La casa di Don Alfredo, al Colle della Croce, esercitava su di noi un fascino straordinario; la consideravamo come nostra, luogo di incontro e di ritrovo. Ci aggiravamo nel cortile abbellito da splendide aiuole sotto lo sguardo benevolo di Zuara, che ci voleva un mucchio di bene e non appariva mai stanca o indispettita. Era quello il periodo splendido dell’Azione Cattolica e noi eravamo gli Aspiranti: avevamo a piena disposizione, per le nostre scorribande, la casa del parroco. Nel cortile campeggiava un gran ciliegio, verso il quale i nostri sguardi erano calamitati man mano che le ciliegie si dipingevano di rosso. Sotto la casa, comunicante con la strada rotabile, c’era un ampio locale, che serviva da garage e da ripostiglio. Per me e per mio cugino Antonio era il luogo delle nostre piccole avventure.
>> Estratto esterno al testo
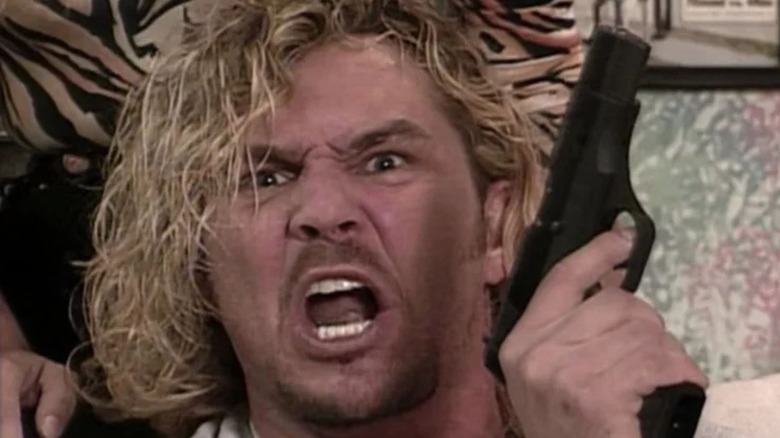 Brian Pillman holds up a gun and shouts to the camera in his home during a segment on WWF television.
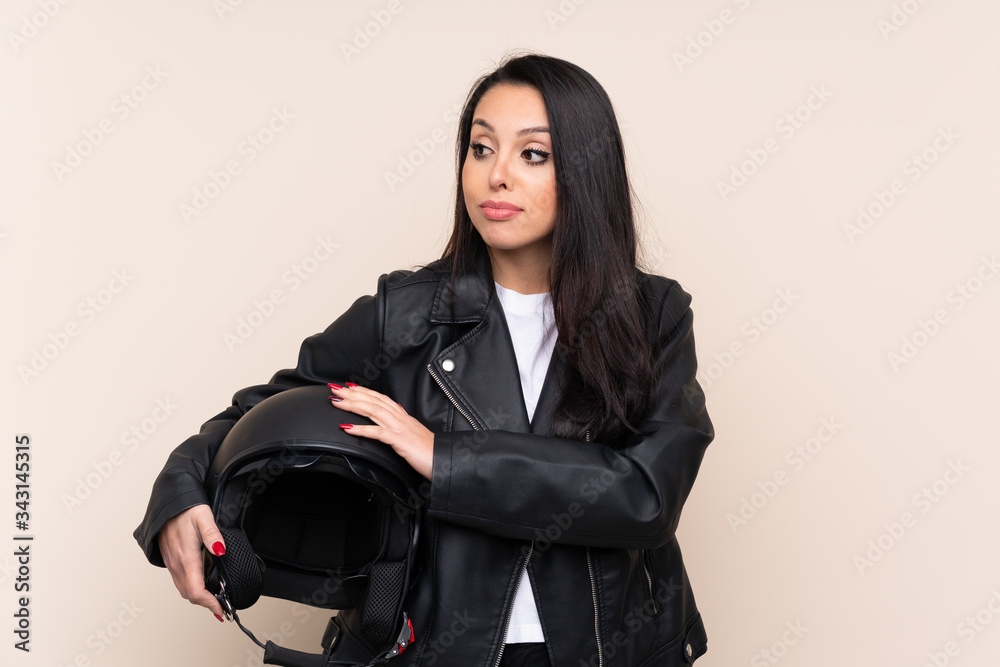 Young Colombian girl holding a motorcycle helmet over isolated background thinking an idea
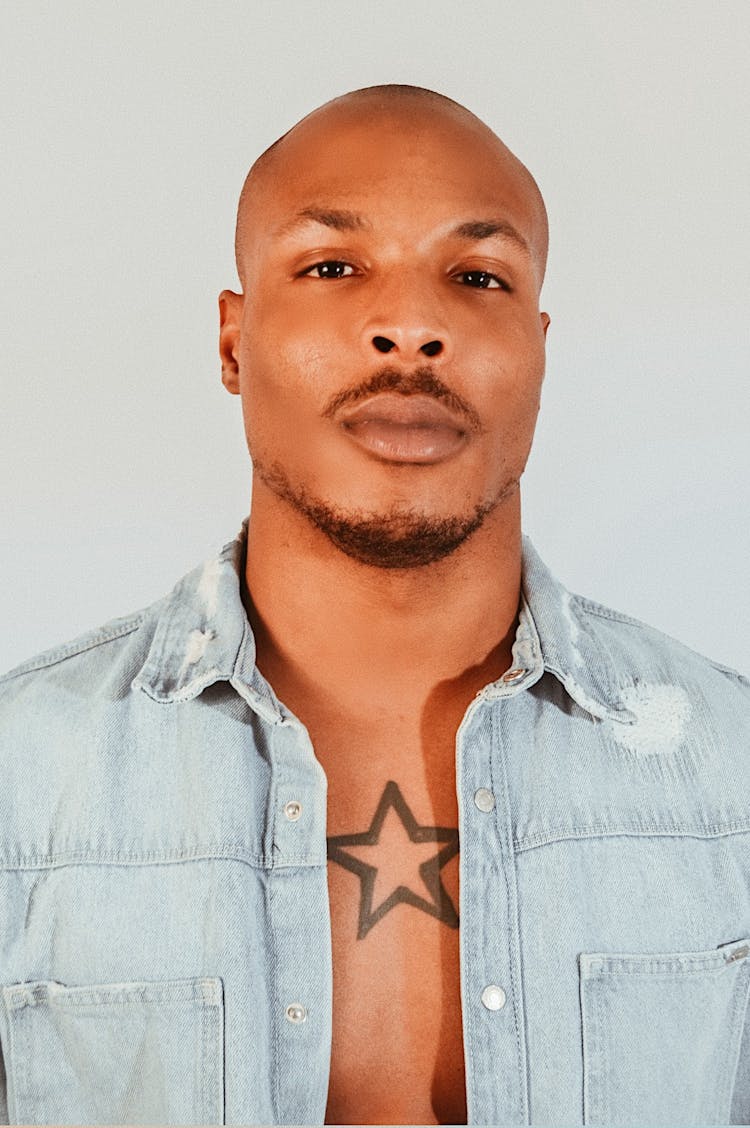 Portrait Of A Man With Star Tattoo On A Chest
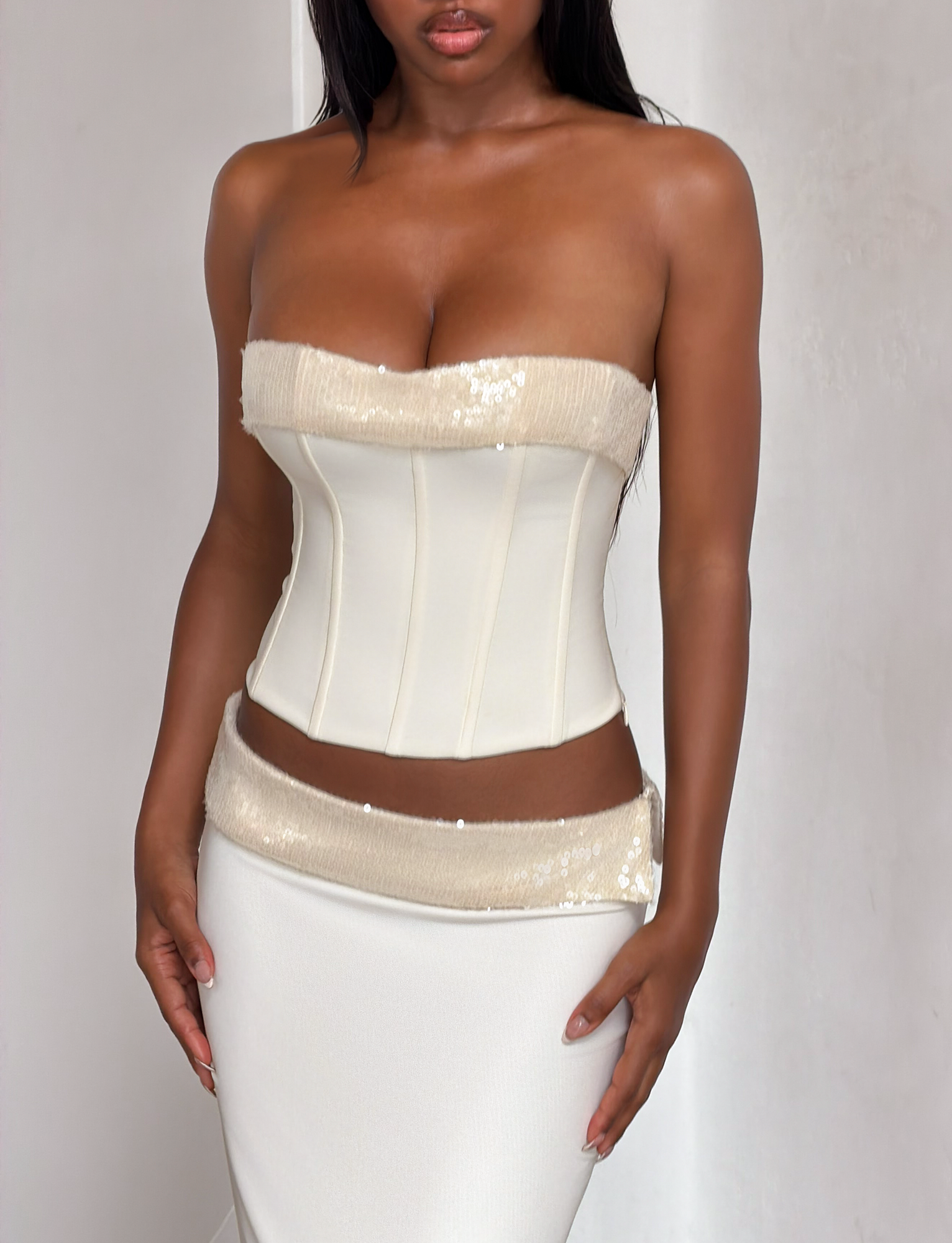 A woman wears the TIGERMIST CHARLYZE BUSTIER in cream, featuring a strapless design with sequin panels and a sweetheart neckline, paired with a matching high-waisted skirt with a sequined waistband, standing against a plain background.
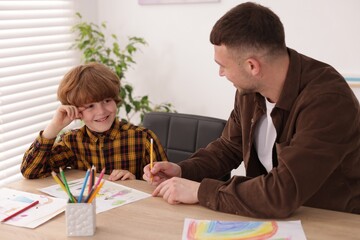 Man teaching kid to draw at painting lesson indoors
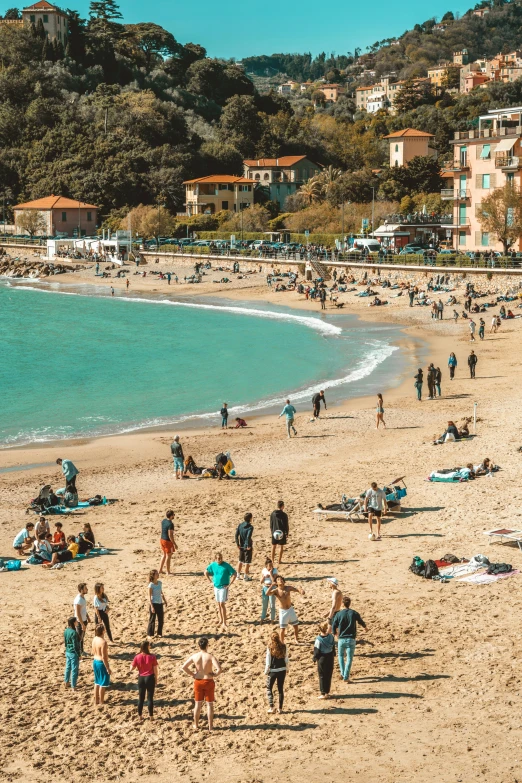 people on the beach near a shoreline and ocean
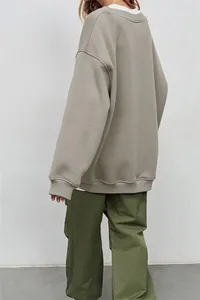 Vista posteriore di una felpa beige oversize minimalista da donna con pantaloni verdi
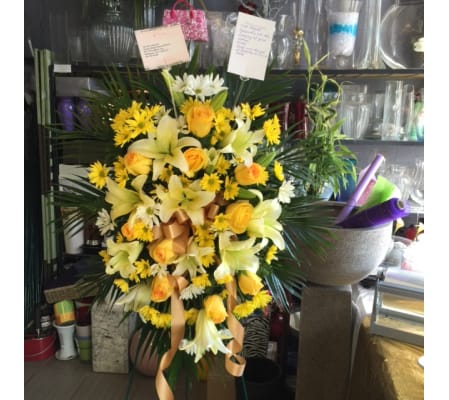 Yellow and White Funeral arrangement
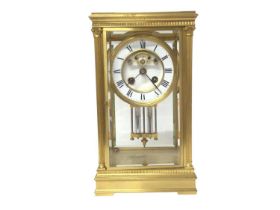 Late 19th century French four glass gilt brass mantel clock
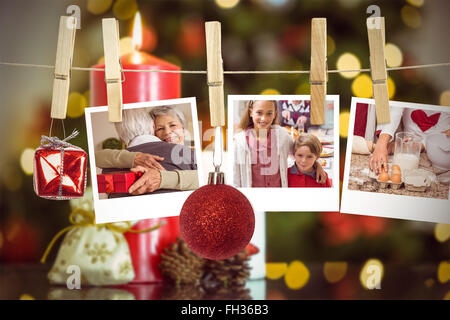 Composite image of hanging christmas photos Stock Photo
Durante il carnevale appendevamo una lunga e robusta fune, abbandonandoci al dondolo dell’altalena (r’ziambra).
Un anno tutto particolare per me fu quello che mi vide impegnato a preparare gli esami di ammissione alle Medie. Avevo terminato la V elementare sotto la direzione dell’emerito maestro Marco Berardo. I miei genitori ci tenevano a che io continuassi gli studi, ma il disagio economico non consentiva loro di mandarmi fuori a studiare. Mia madre peraltro, nostalgica del mestiere di mio nonno Antonio, avrebbe voluto che io diventassi sarto. Don Alfredo, però, aveva posto gli occhi su di me. Per non farmi perdere completamente l’anno, si assunse personalmente il compito di prepararmi agli esami di ammissione alle Medie. Così il contatto con lui divenne sempre più assiduo e maturò nella decisione presa insieme con i miei genitori di mandarmi nel Seminario Diocesano di Trivento. Poi il Signore avrebbe pensato a fare il resto. Per sdebitarsi del gran favore a me concesso (un anno intero di ripetizioni, senza pretendere una lira in contraccambio), per la Pasqua del 1951, i miei genitori mi chiesero di portare in dono a Don Alfredo l’unico agnello dell’anno, cresciuto ed allevato da me, che, tra l’altro, facevo anche il pastorello.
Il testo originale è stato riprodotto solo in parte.